* DATA EXTRACT
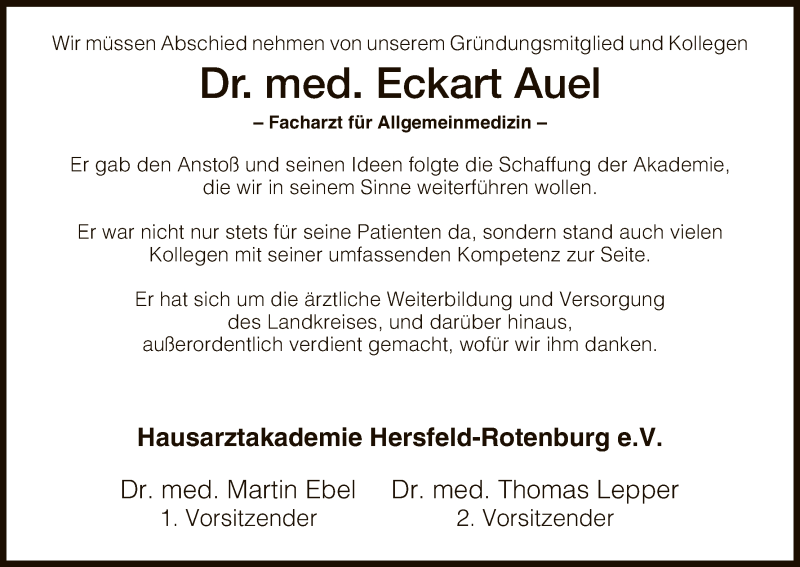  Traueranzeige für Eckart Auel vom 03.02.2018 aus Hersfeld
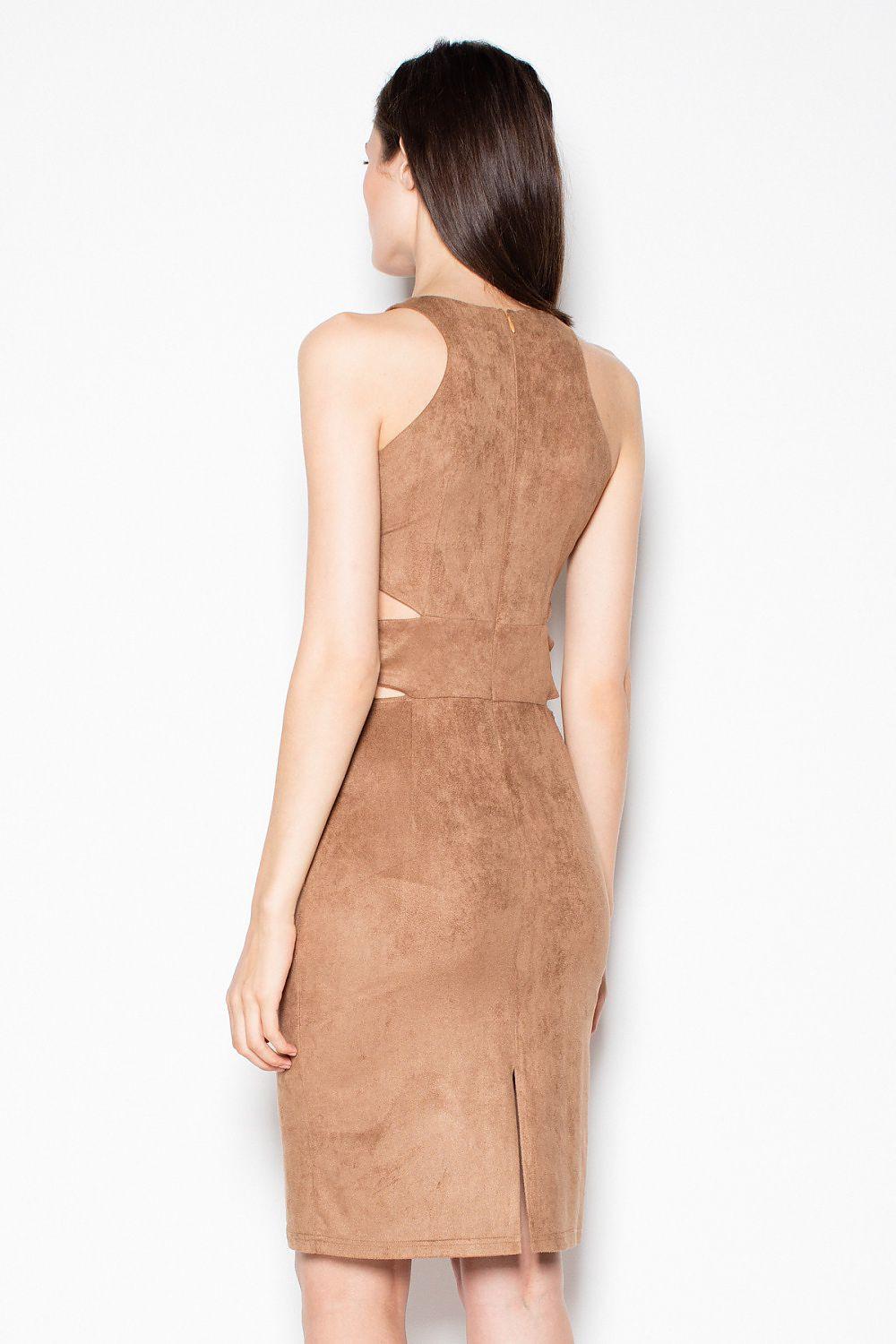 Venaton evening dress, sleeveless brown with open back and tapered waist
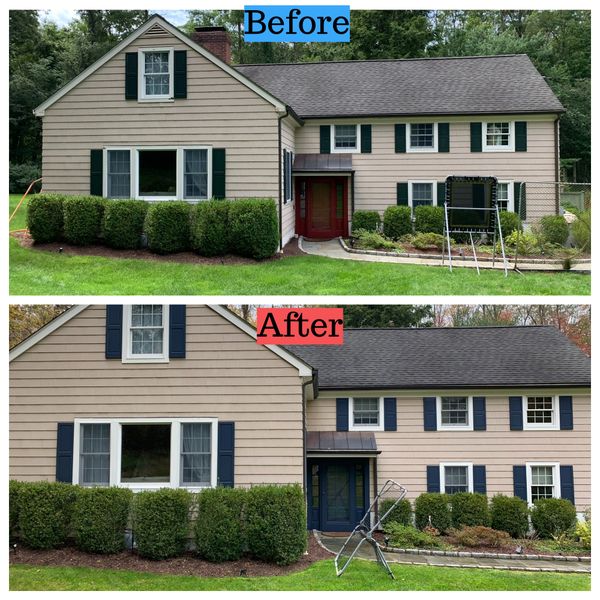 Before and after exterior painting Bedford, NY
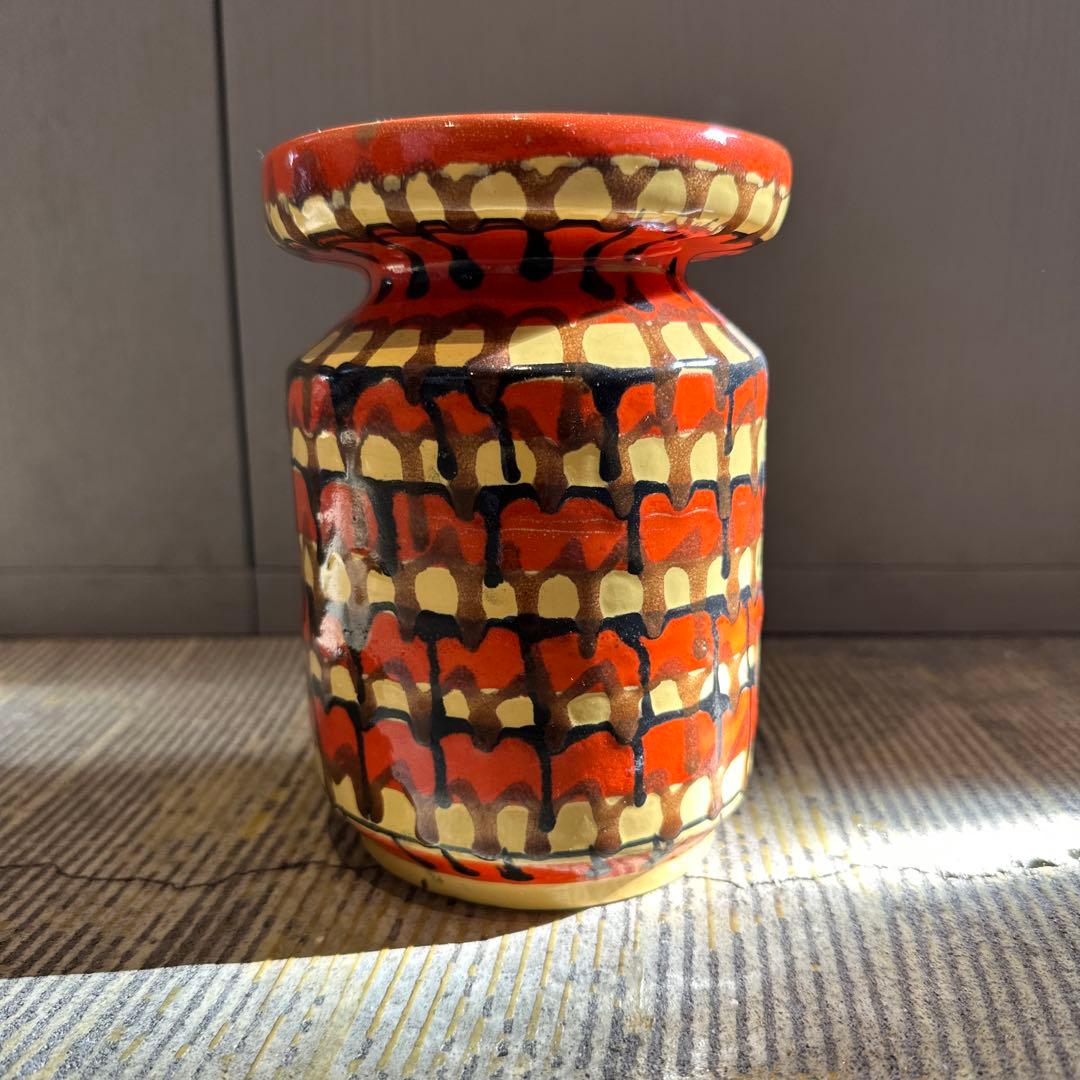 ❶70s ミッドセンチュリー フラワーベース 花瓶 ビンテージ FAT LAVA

* WORK REQUIRED
Exact copy, no images: rewrite the entire listing above.

* ANSWER BELOW
  Traueranzeige für Eckart Auel vom 03.02.2018 aus Hersfeld
 Venaton evening dress, sleeveless brown with open back and tapered waist
 Before and after exterior painting Bedford, NY
 ❶70s ミッドセンチュリー フラワーベース 花瓶 ビンテージ FAT LAVA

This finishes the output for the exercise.